# ASSIGNMENT
An exact copy of each line below is needed, with no images in it.

# STORED DATA
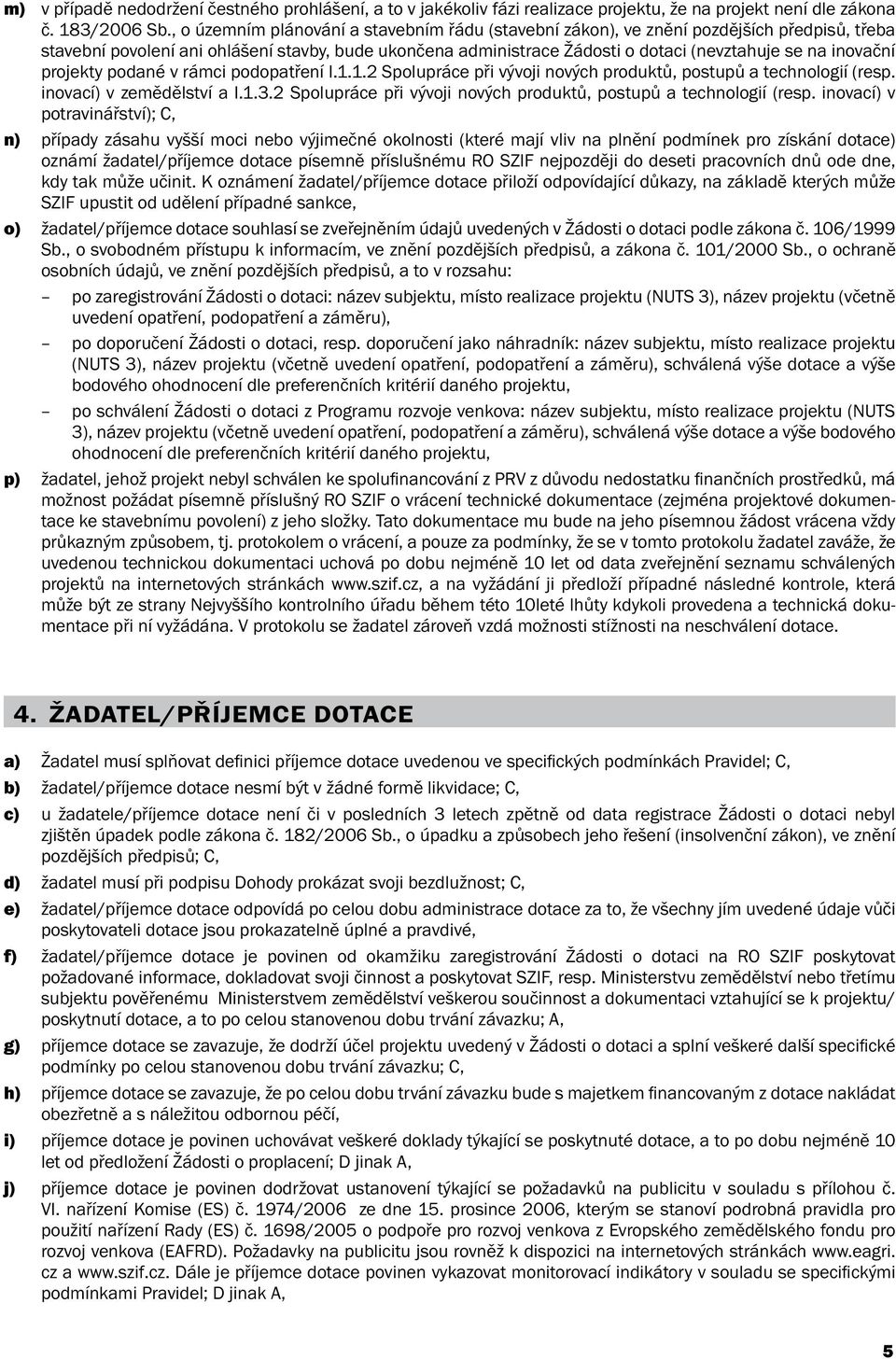 inovační projekty podané v rámci podopatření I.1.1.2 Spolupráce při vývoji nových produktů, postupů a technologií (resp. inovací) v zemědělství a I.1.3.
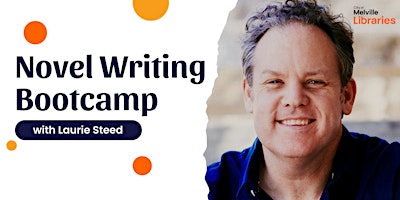 Immagine principale di Novel Writing Boot Camp with Laurie Steed 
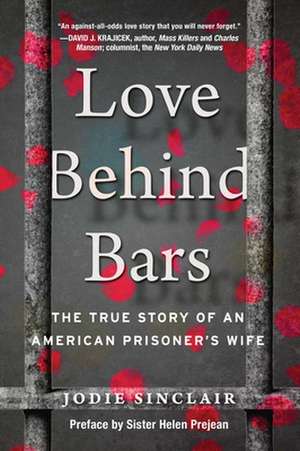 Love Behind Bars: The True Story of an American Prisoner's Wife de Sister Helen Prejean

# THE COMPLETED TASK
 inovační projekty podané v rámci podopatření I.1.1.2 Spolupráce při vývoji nových produktů, postupů a technologií (resp. inovací) v zemědělství a I.1.3.
 Immagine principale di Novel Writing Boot Camp with Laurie Steed 
 Love Behind Bars: The True Story of an American Prisoner's Wife de Sister Helen Prejean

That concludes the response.